Die internationale Isolation Israels durch die Haltung zur PLO macht ein solches Treffen doch bald zur politischen Überlebensfrage.

Auf Grund der dynamischen Lage in Israel kann, was heute unmöglich ist, in ein, zwei Jahren Wirklichkeit werden. Wir haben die Entwicklung in Amerika, wir haben einen Dialog zwischen den USA und der PLO. Wenn dieser Vorgang weitergeht, dann wird das einen Einfluß auf Israel haben. Aber kein Mensch kann wissen, wie weit die Amerikaner wirklich ernst sind in diesen Bemühungen, inwieweit dieser Dialog wirklich einen Sinn hat, oder ob auch dieser Dialog nur eine Art Kniff ist, um Zeit zu gewinnen. Das ist heute sehr schwer zu sagen, ich glaube, da muß man doch abwarten. Die beiden großen israelischen Parteien wollen dieses Problem umgehen, indem sie sich bereit erklären, in den besetzten Gebieten Wahlen durchzuführen. Auch das kann ein Trick sein, um Zeit zu gewinnen, denn es handelt sich ja nicht darum, sollen Wahlen stattfinden, sondern welche Art Wahlen. Wenn diese Wahlen wirklich frei sein werden, wird mit Sicherheit eine PLO-Führung gewählt. Darum stellt jetzt Shamir alle möglichen Bedingungen, um das praktisch unmöglich zu machen. Und der Verteidigungsminister Rabin, der zu der Arbeiterpartei gehört, hat schon erklärt, daß jeder Kandidat, der sich als PLO-Funktionär aufstellen läßt, ins Gefängnis kommt. Diese Parole „Wahlen“ ist eine leere Parole, wenn sie nicht mit den richtigen Inhalten gefüllt wird.
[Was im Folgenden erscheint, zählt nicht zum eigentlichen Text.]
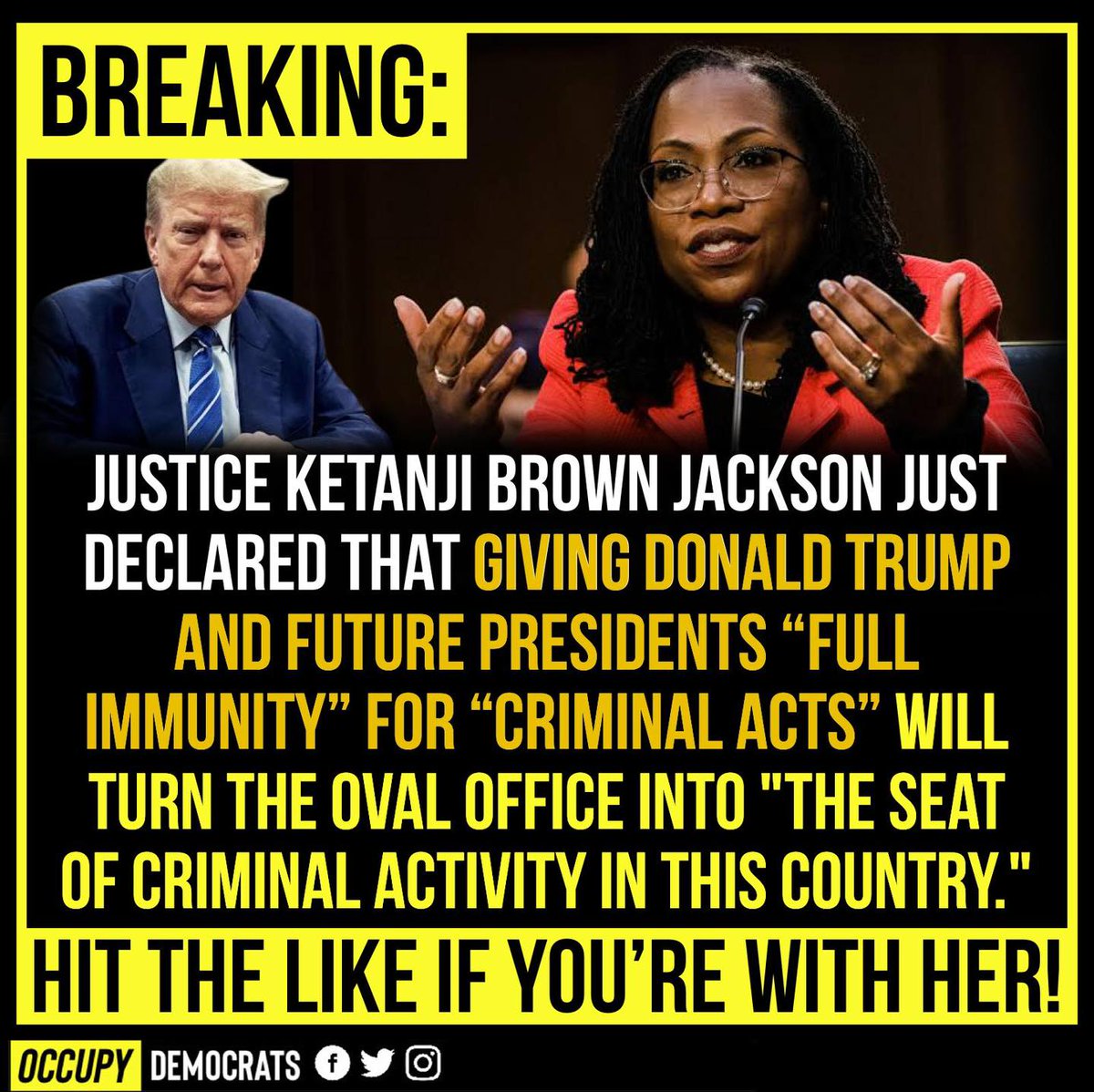 Immunity would make a president equivalent to a king! Who agrees America is and must remain a Republic forever...we are not a dictatorship or a monarchy?🙋🏽‍♀️🙋🏽🙋🏽‍♂️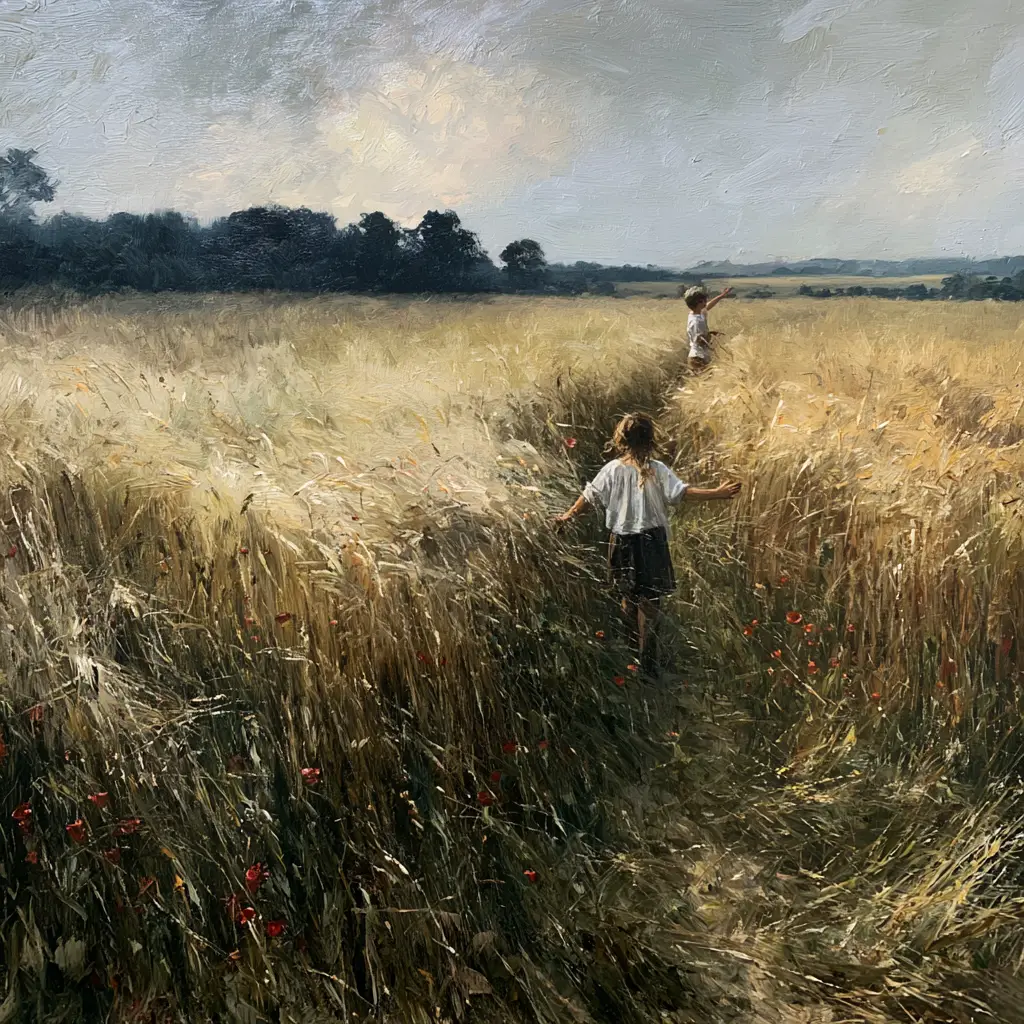 A painted field of ripening wheat under a heavy midsummer sky, the grain moving in one long slow wave with poppies scattered through, children walking a narrow track through the middle of it.
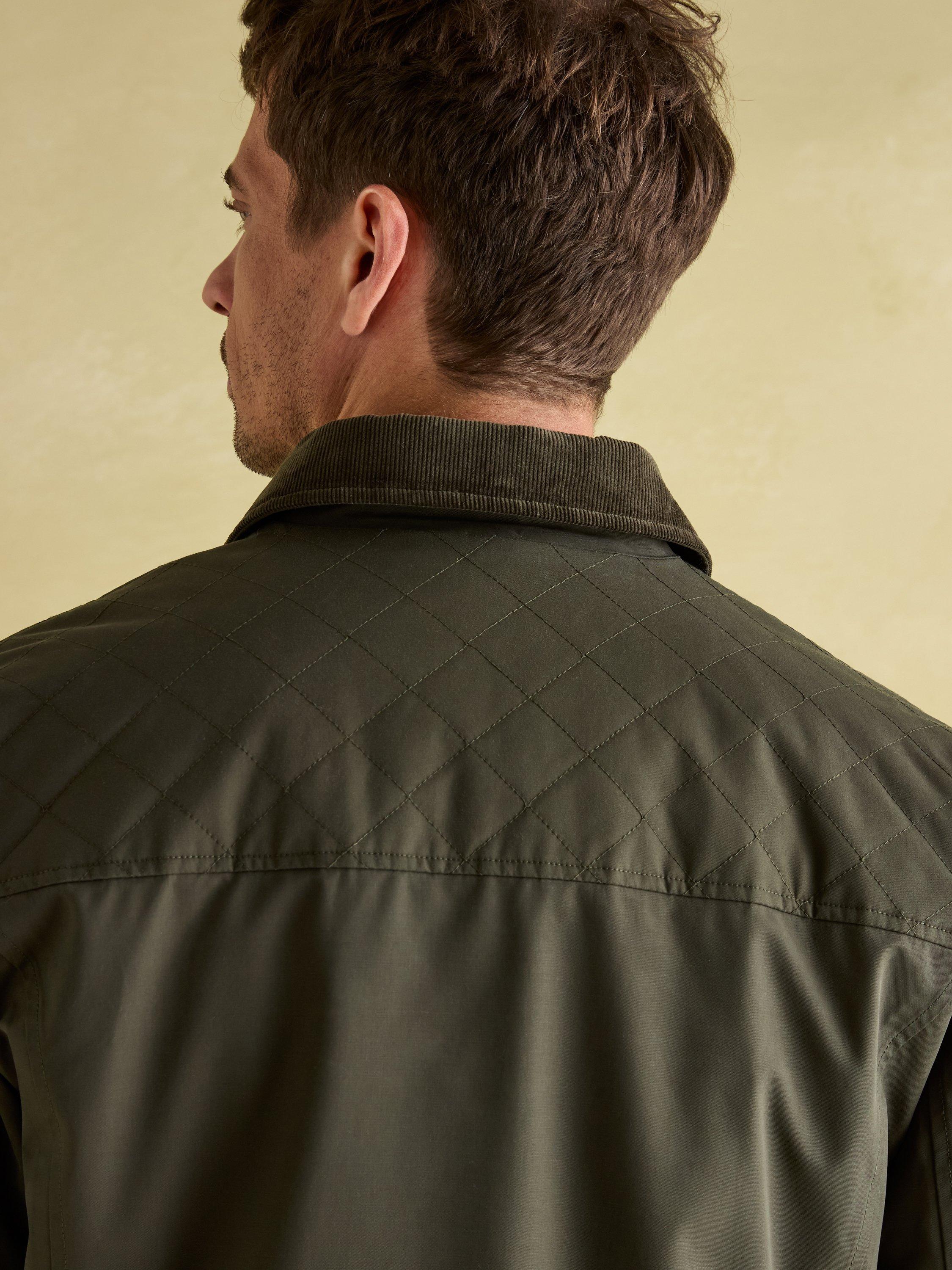 Product image 8 of 9, which shows Joules Waterproof Corduroy Collar Coat , Green, S Reg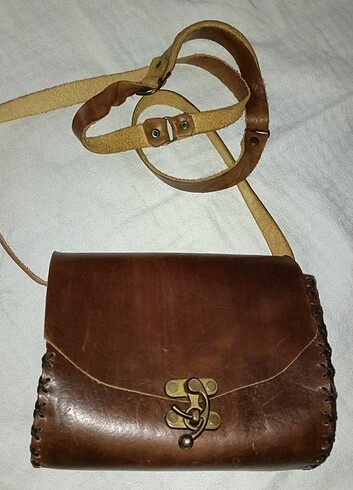 Vintage el yapımı gerçek deri çanta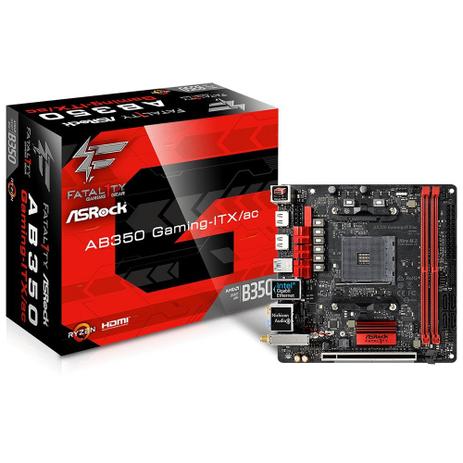 Placa Mãe Asrock Fatal1ty AB350 Gaming-Itx/Ac Ddr4 Am4 Menor preço em Placa Mãe Asrock Fatal1ty AB350 Gaming-Itx/Ac Ddr4 Am4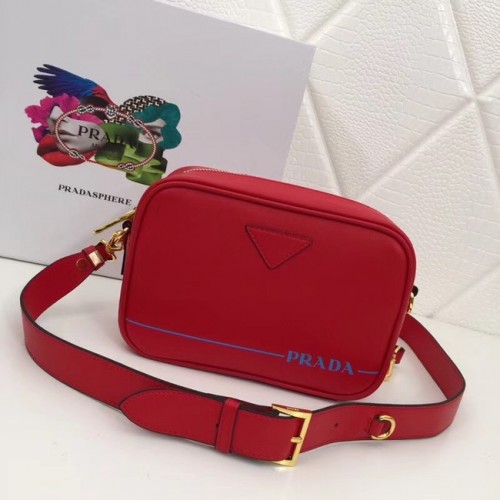 Prada Sac à bandoulière en cuir 1BH093 rouge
Ich kehre noch einmal zurück zu dem „politischen Selbstmord“. Mir steigt da die Phantasie hoch, daß so ein Treffen zwischen hochkarätigen Israelis und der PLO doch fast nobelpreisverdächtig ist.

Der einzige israelische Politiker, der einen halben Friedensnobelpreis bekommen hat, war Begin, der ein Todfeind der Palästinenser ist und der gesagt hat, Arafat wäre „ein zweibeiniges Tier“. Politiker, die noch aktiv sind, werden keinen politischen Selbstmord begehen wegen dem Friedensnobelpreis. Schon gar keine israelischen Politiker. Sie sehen ja, sogar ein Mann wie Abba Eban, der schon außerhalb der Parteipolitik steht, der von der Arbeiterpartei endgültig abgesägt worden ist, auch der Mann hat Angst, sich mit Arafat zu treffen. Mehr noch, Arafat bekam eine Zusage von führenden jüdischen Persönlichkeiten aus Frankreich zu einem Treffen in Paris, und plötzlich mußten sie aus mysteriösen Gründen panikartig wieder absagen. Die Leute haben einfach Angst, sich mit Arafat zu treffen. Sie haben Angst, ihre politische Stellung gegenüber Israel zu verlieren. Oder auch innerhalb der jüdischen Gemeinde in den verschiedenen Ländern ihre Position zu zerstören. Aber denken Sie vielleicht an eine publizistische Lösung, vielleicht könnte das FORVM ein Treffen zwischen Arafat und Wiesenthal arrangieren. Wiesenthal ist doch ein großer österreichischer Versöhnungskünstler.